◆ **EXERCISE PROMPT**
Below, find the line containing "圧縮フェイスマスク/DAISO/シートマスク・パックを使ったクチコミ(1枚目)" and the line containing "பயந்து  தலைமறைவான நக்கீரன்"; reproduce exactly those two and every line between them, omitting pictures.
BEGIN SOURCE MATERIAL
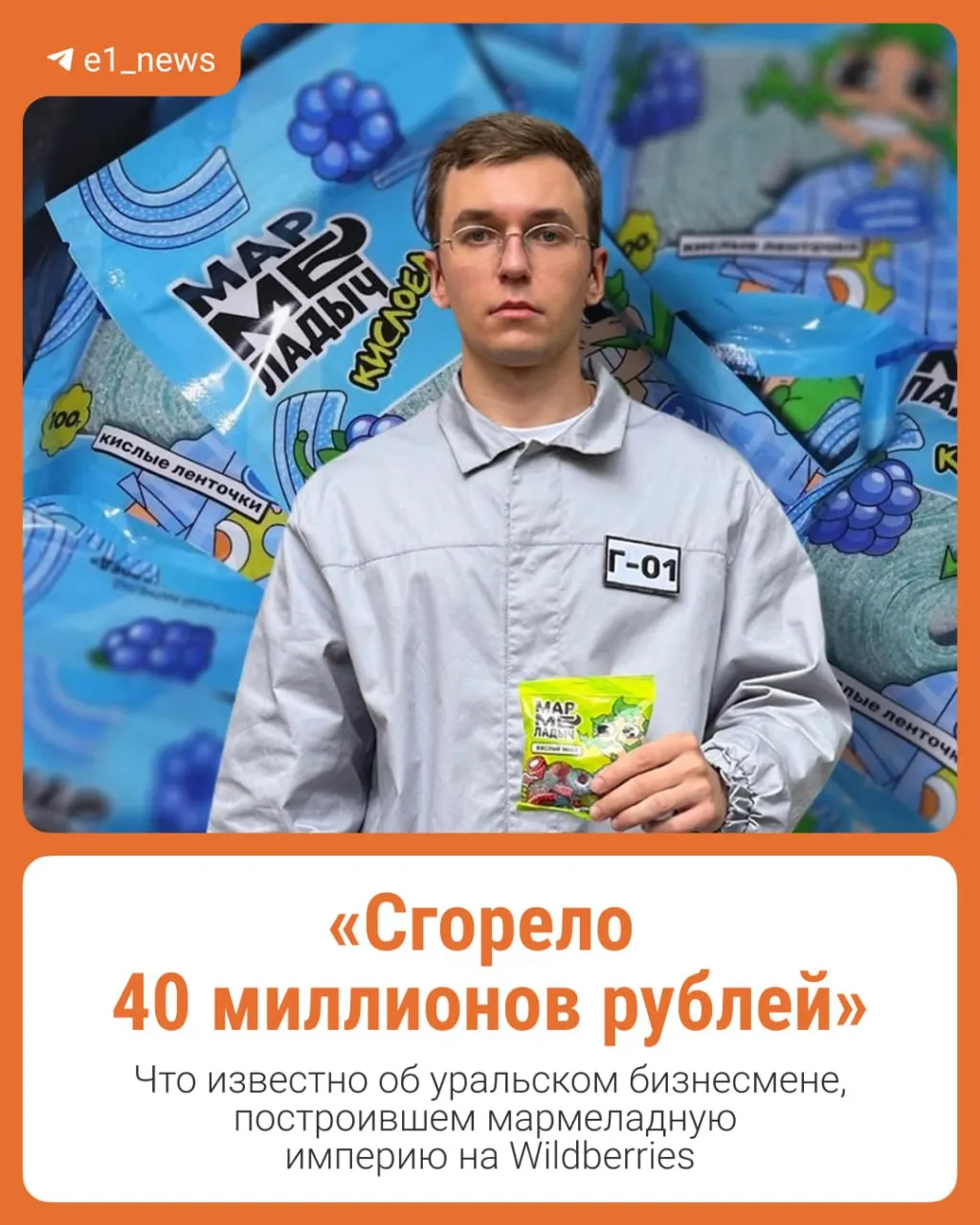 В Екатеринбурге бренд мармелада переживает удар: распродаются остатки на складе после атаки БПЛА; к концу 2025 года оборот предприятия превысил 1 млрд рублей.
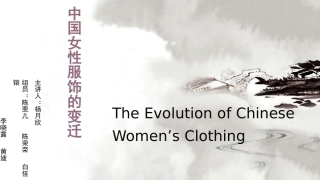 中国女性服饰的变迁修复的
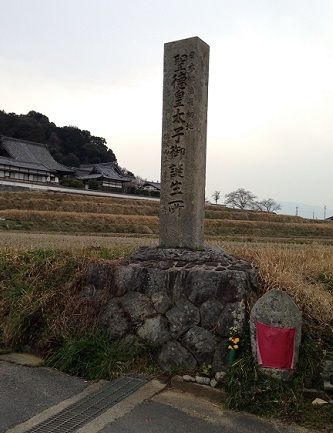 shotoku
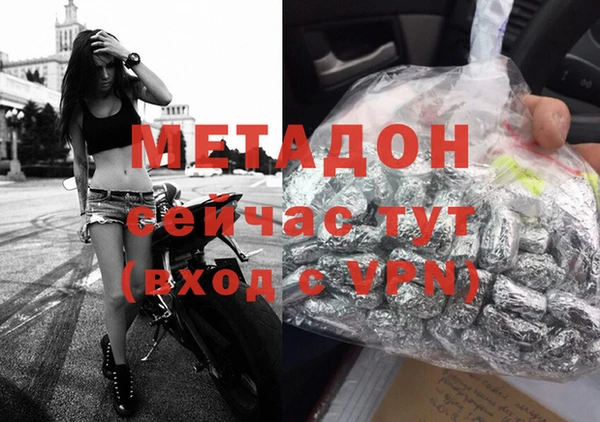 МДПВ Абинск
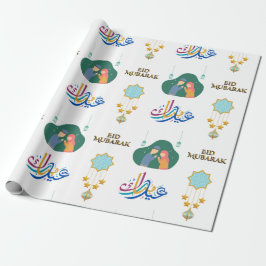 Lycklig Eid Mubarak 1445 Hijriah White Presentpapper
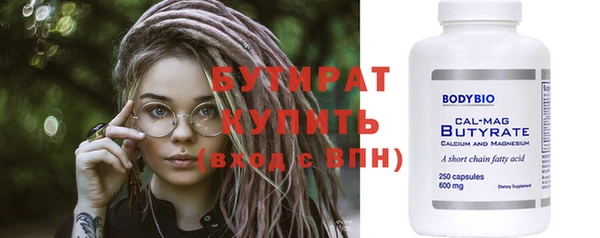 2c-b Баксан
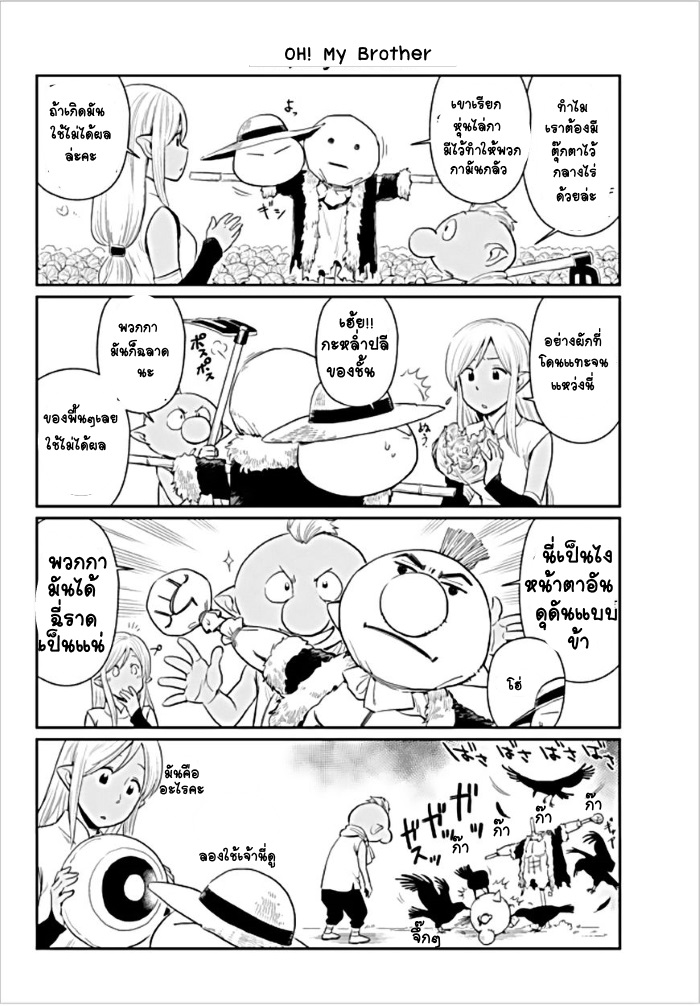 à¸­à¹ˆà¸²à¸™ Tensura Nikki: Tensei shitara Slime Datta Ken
END SOURCE MATERIAL
BEGIN SOURCE MATERIAL
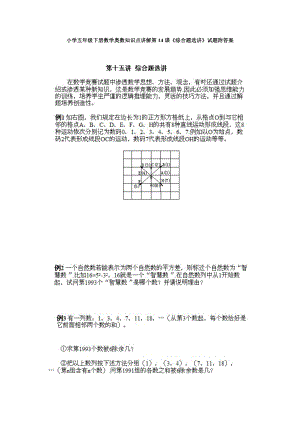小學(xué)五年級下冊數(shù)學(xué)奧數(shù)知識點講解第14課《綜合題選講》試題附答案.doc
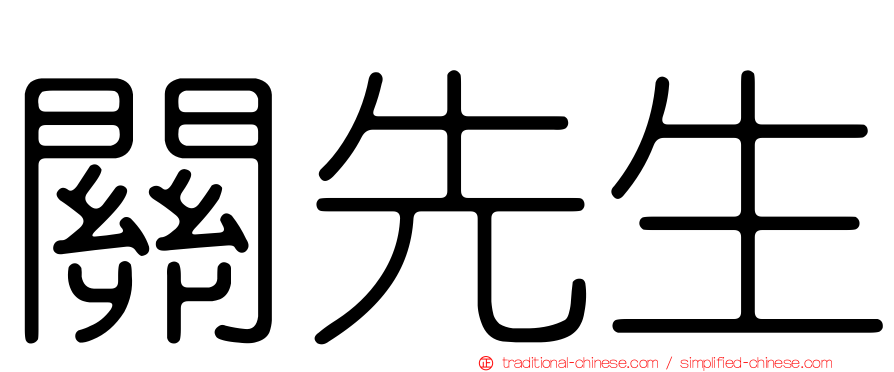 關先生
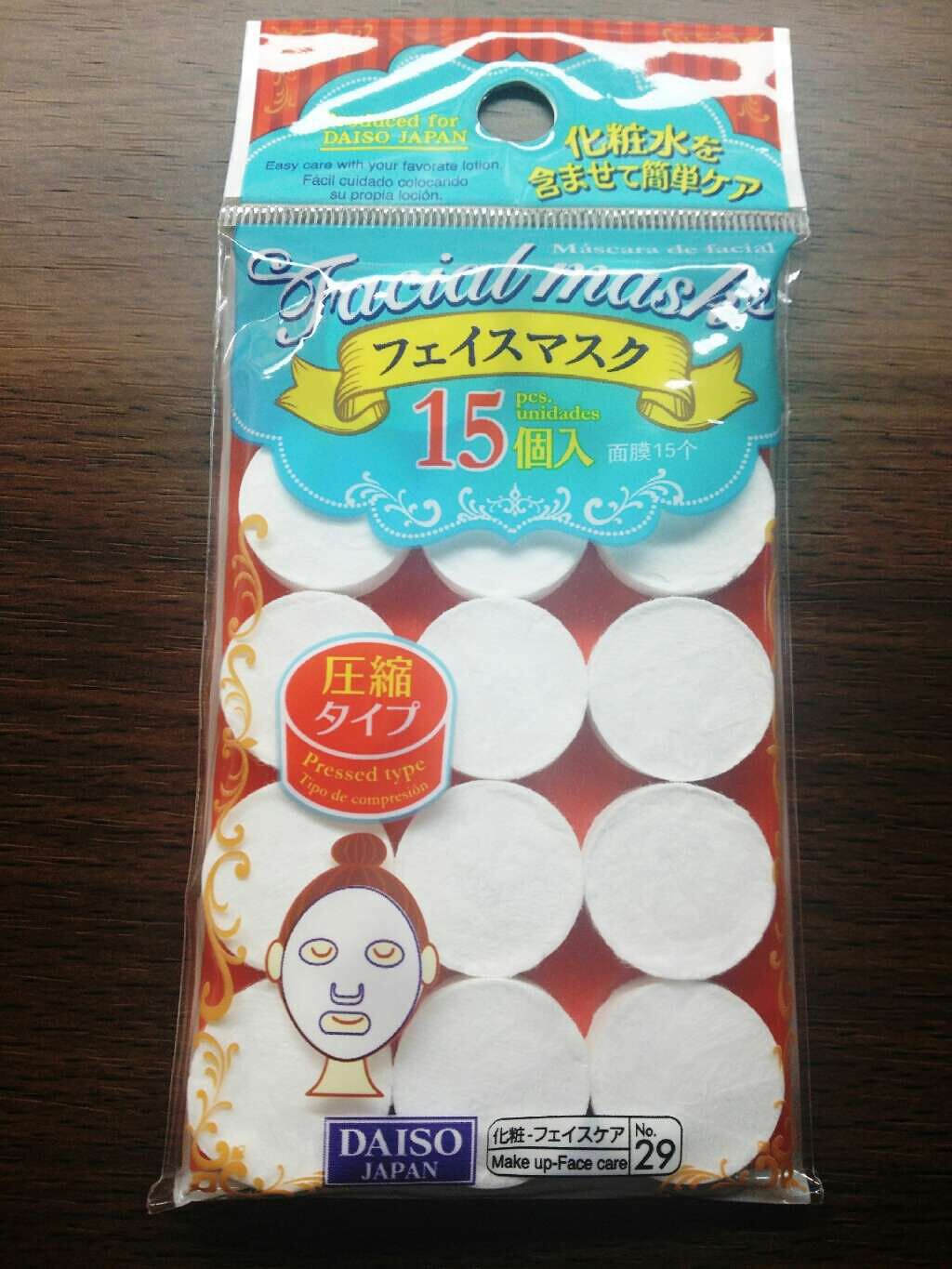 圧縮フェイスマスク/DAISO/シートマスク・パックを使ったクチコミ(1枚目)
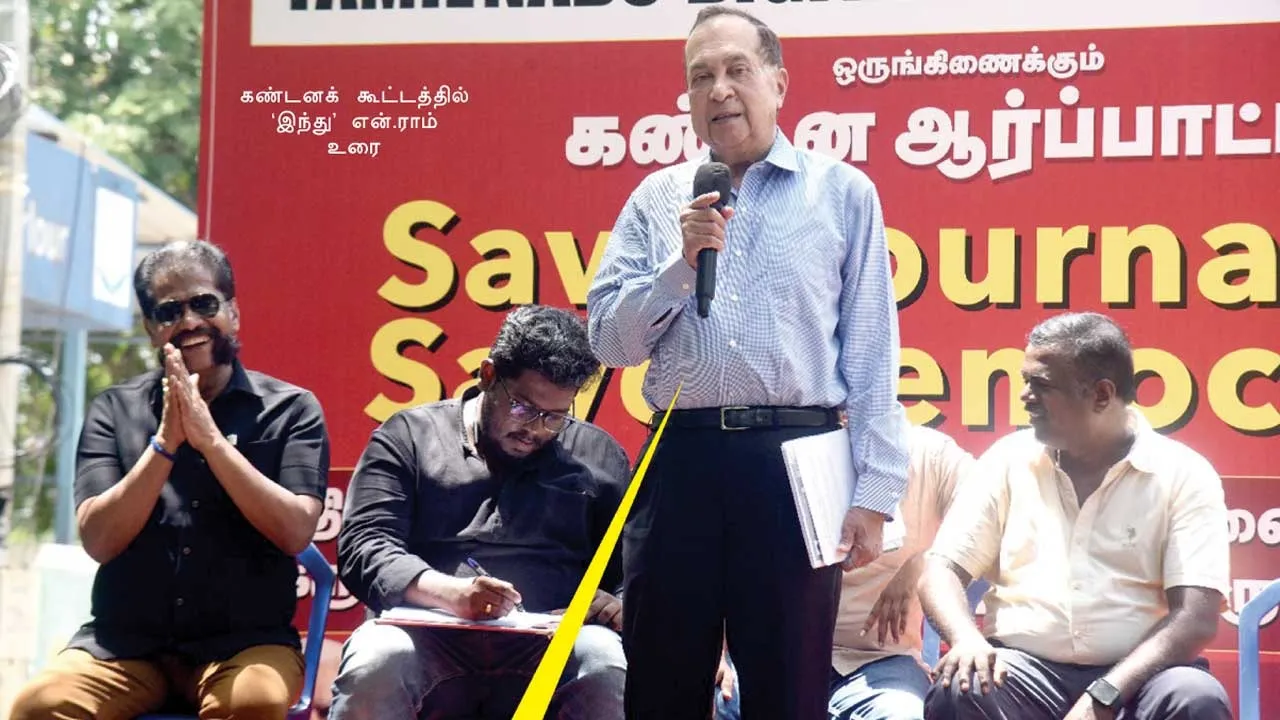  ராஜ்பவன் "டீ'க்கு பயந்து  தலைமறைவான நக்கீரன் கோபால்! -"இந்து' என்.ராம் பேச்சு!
END SOURCE MATERIAL
BEGIN SOURCE MATERIAL
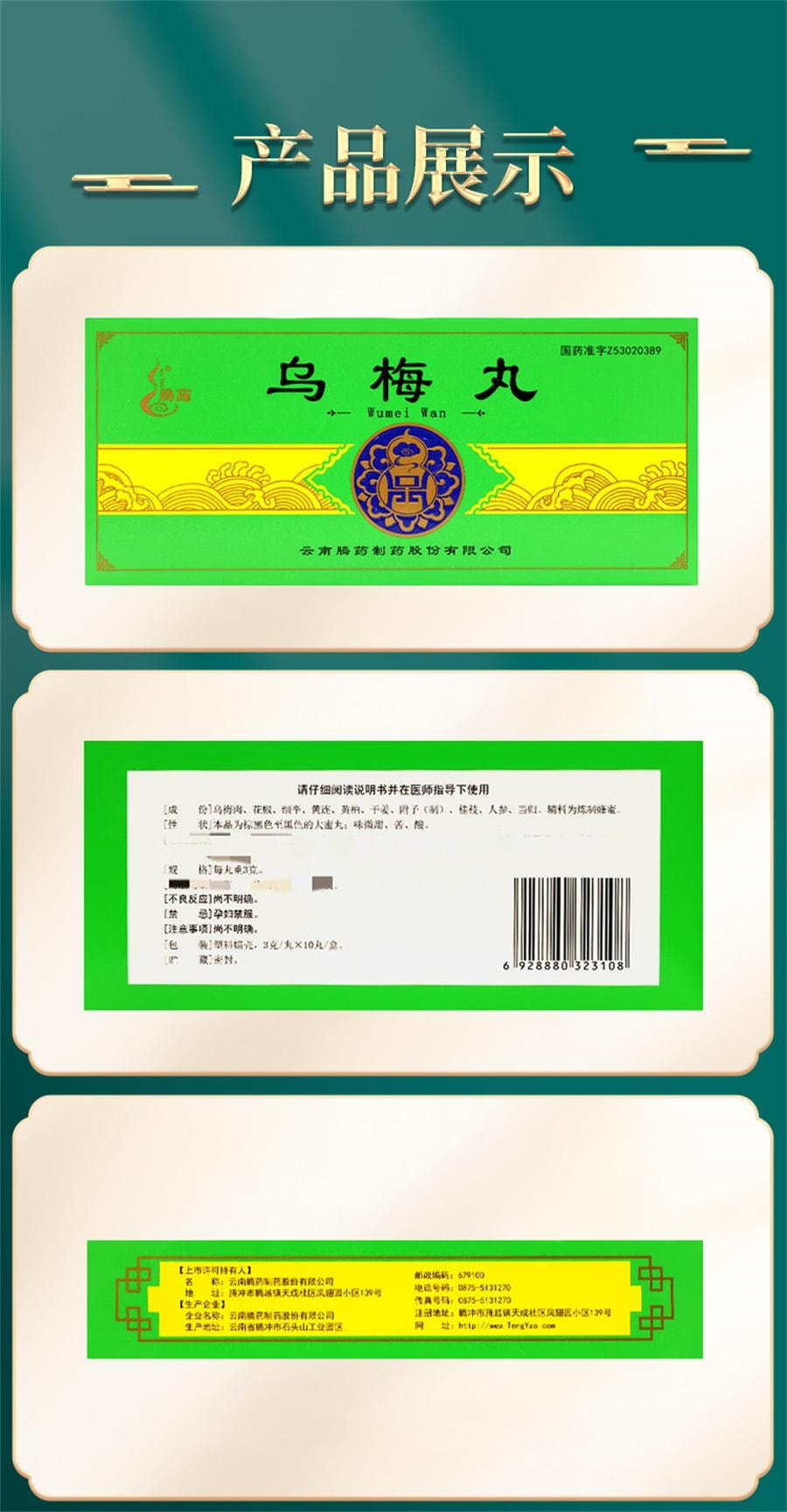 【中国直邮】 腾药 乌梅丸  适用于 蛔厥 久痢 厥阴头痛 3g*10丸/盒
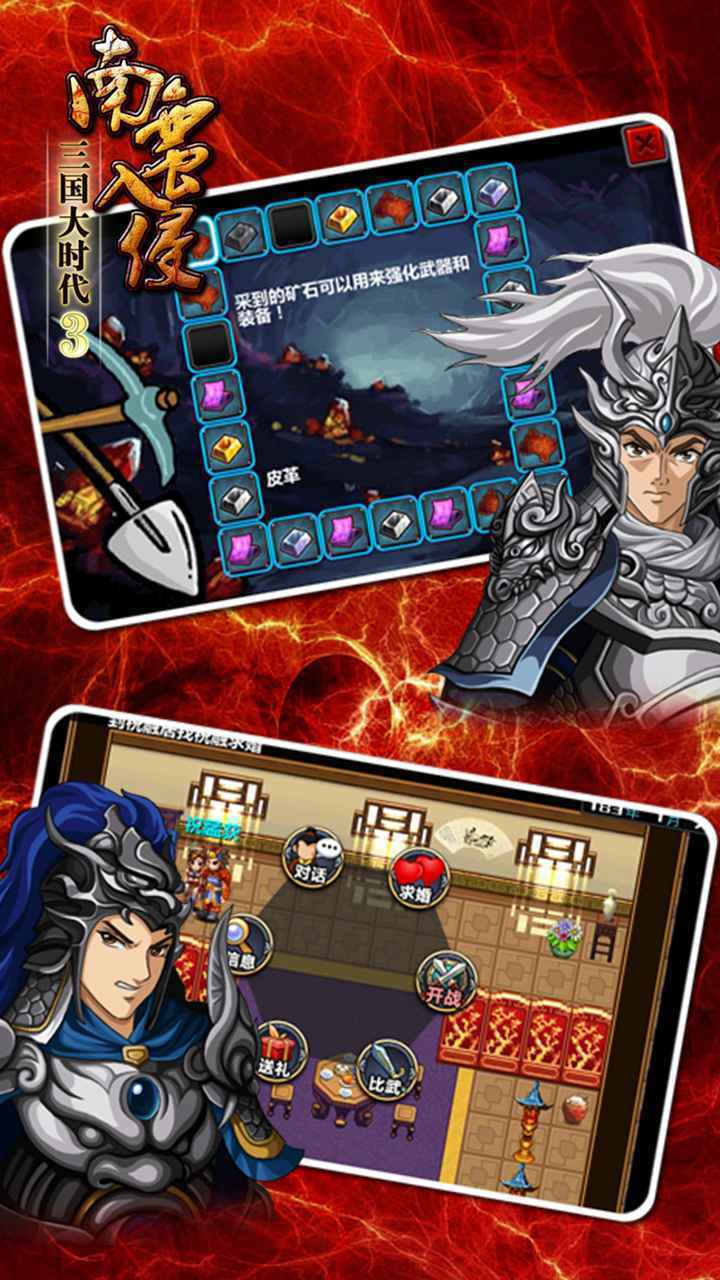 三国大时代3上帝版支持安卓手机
END SOURCE MATERIAL
◆ **REPLY TO THE TASK**
 圧縮フェイスマスク/DAISO/シートマスク・パックを使ったクチコミ(1枚目)
  ராஜ்பவன் "டீ'க்கு பயந்து  தலைமறைவான நக்கீரன் கோபால்! -"இந்து' என்.ராம் பேச்சு!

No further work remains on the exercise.